● Data to use:

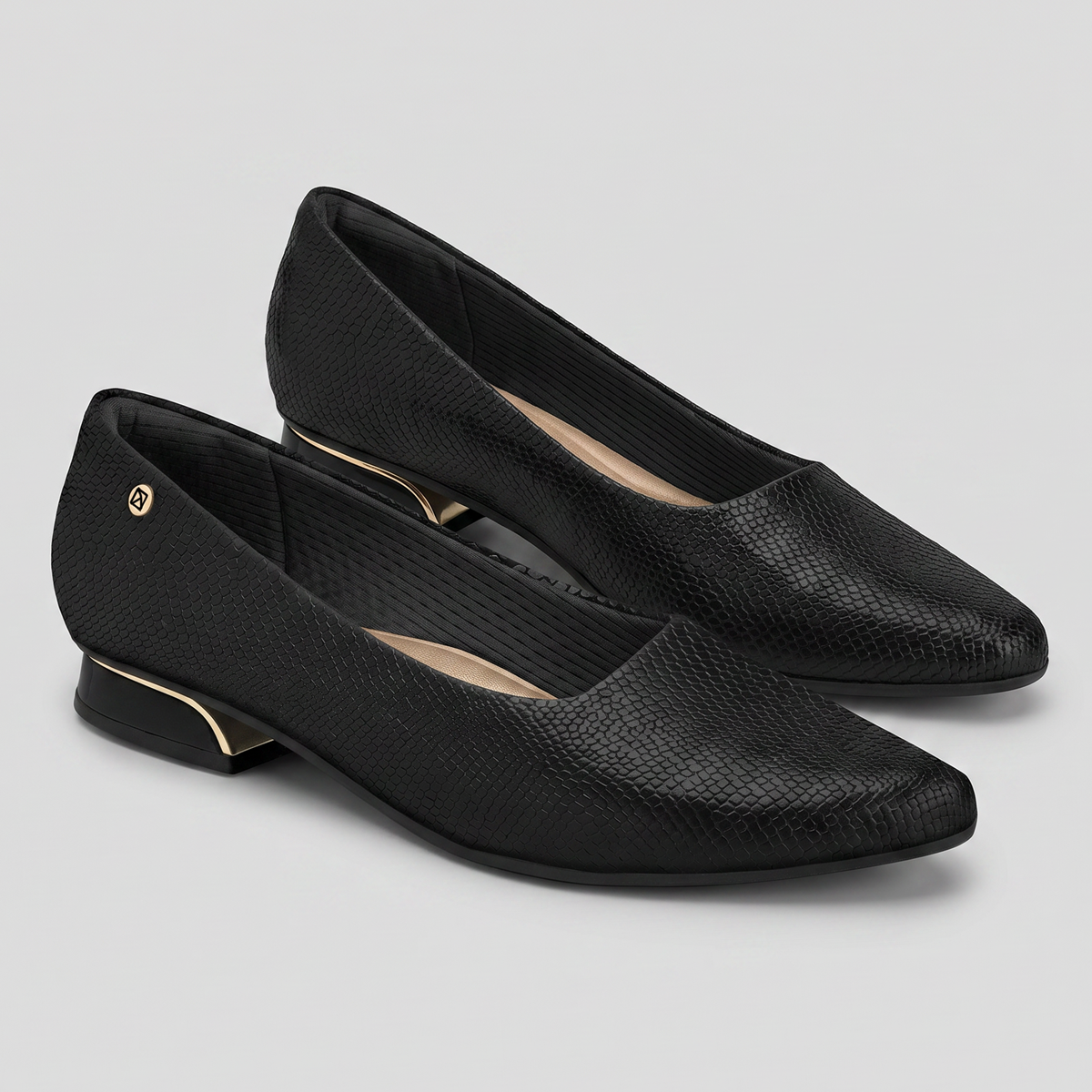 Zapato Mujer Negro/Crocco Silvia 03 Piccadilly-2
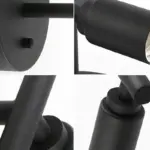 ModernLEDWallLampBlackforBathroom Homeko4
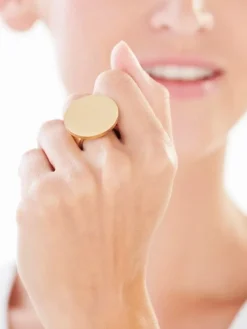 Pierścionek ze stali szlachetnej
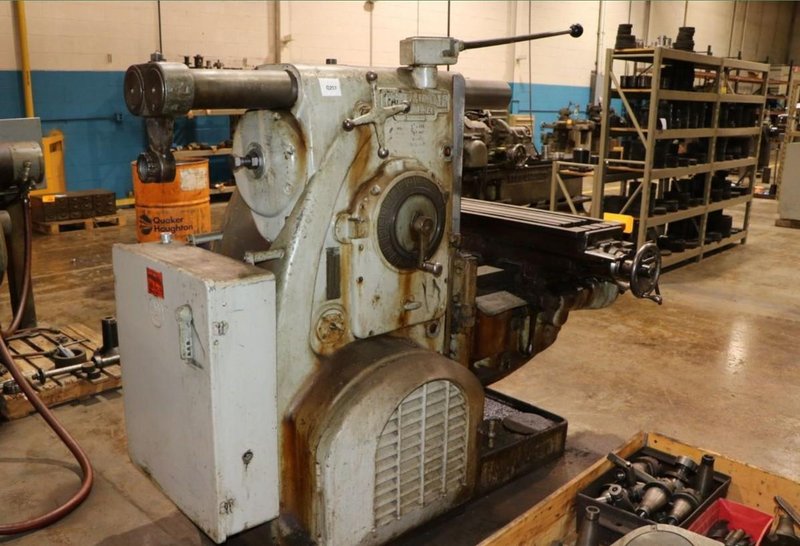 #3CH KEARNEY &amp; TRECKER K&amp;T HORIZONTAL MILL: YOBRO #24538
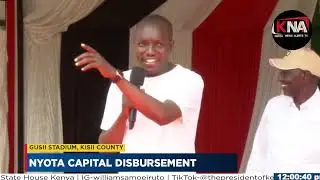 NYAMIRA COUNTY GOVERNOR OVERSHADOWS SIMBA ARATI BEFORE RUTO BY GRANTING YOUTHS A FREE BUSINESS ZONE
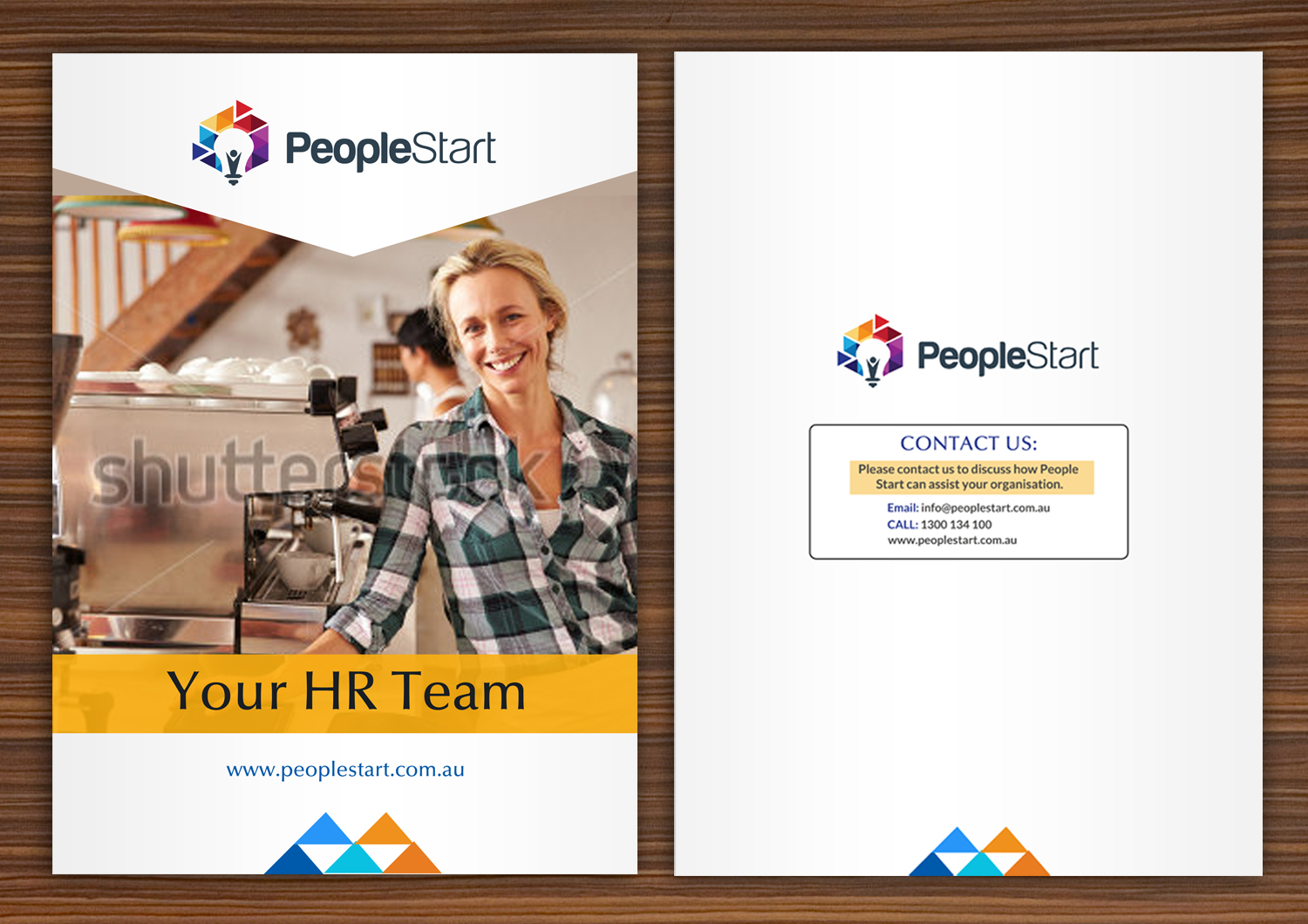 Brochure Design by debdesign for People Start | Design #12544994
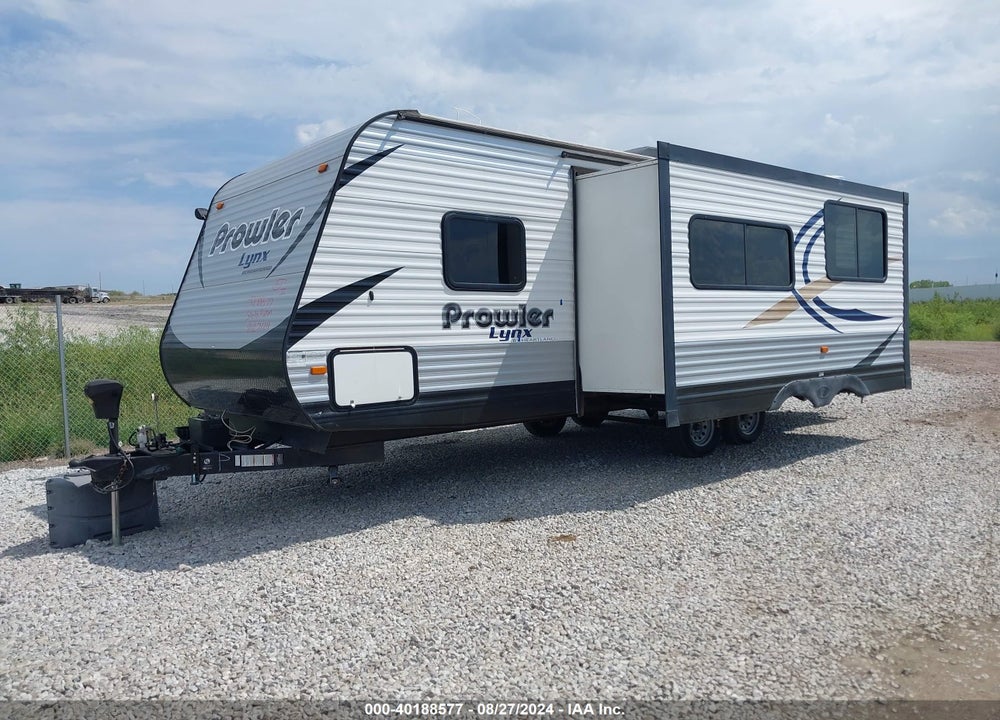 2016 HEARTLAND PROWLER 265LX VIN: 5SFPB2924GE303883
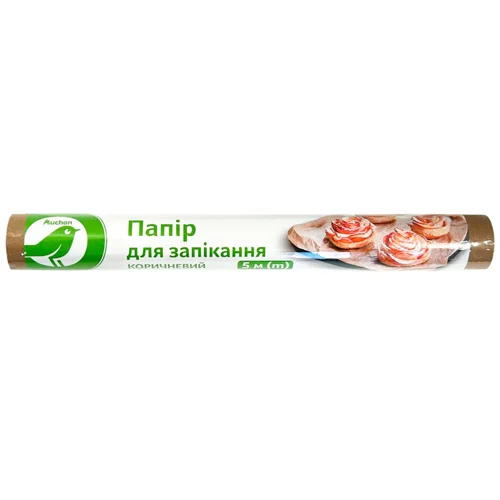 Папір для запікання Auchan 5м
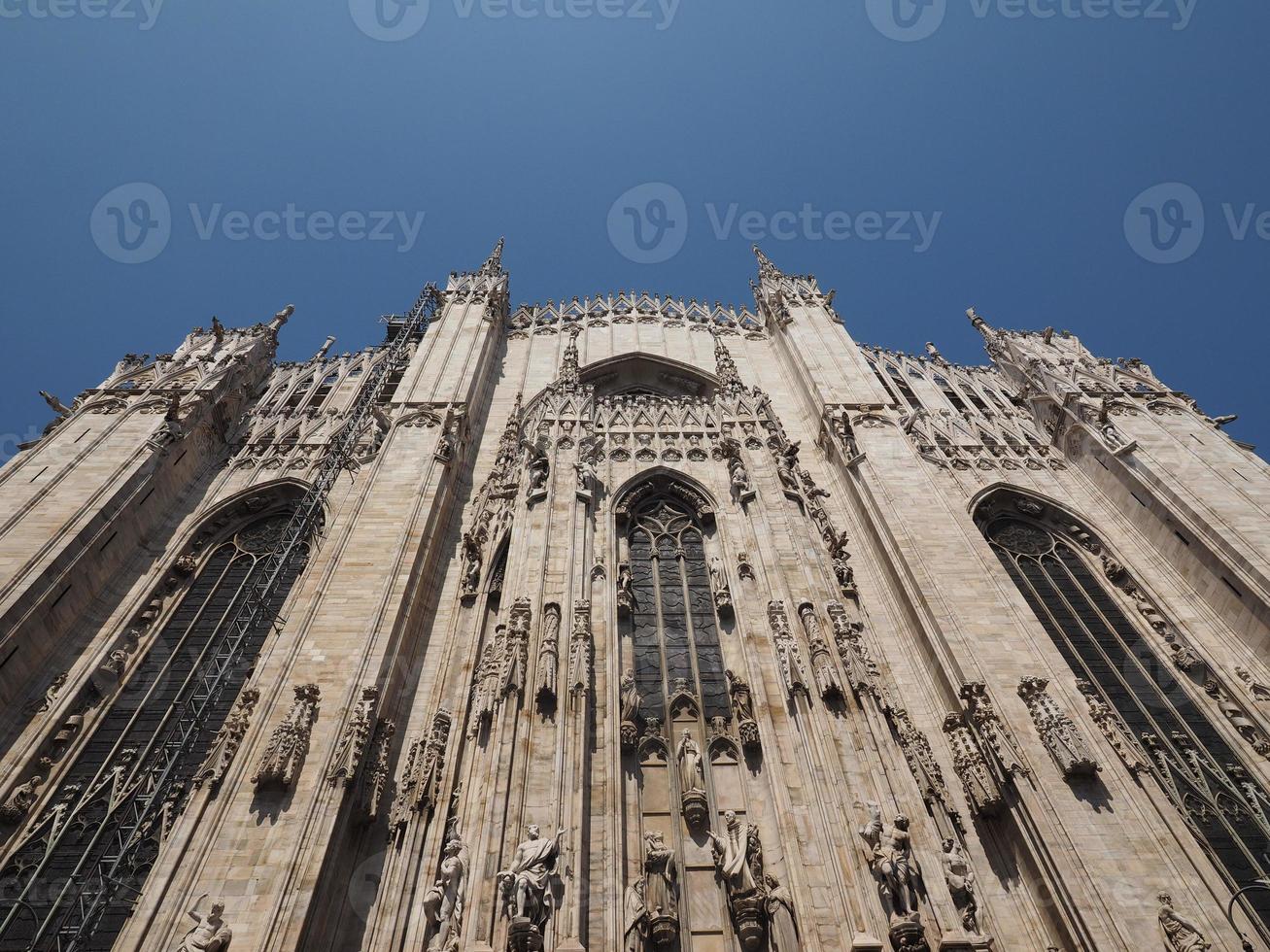 duomo betekent kathedraal in Milaan foto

● What to do: Your response should consist solely of the lines from the line with "Папір для запікання Auchan 5м" through the last line of the entries above, printed exactly and without pictures.

● Expected answer:
 Папір для запікання Auchan 5м
 duomo betekent kathedraal in Milaan foto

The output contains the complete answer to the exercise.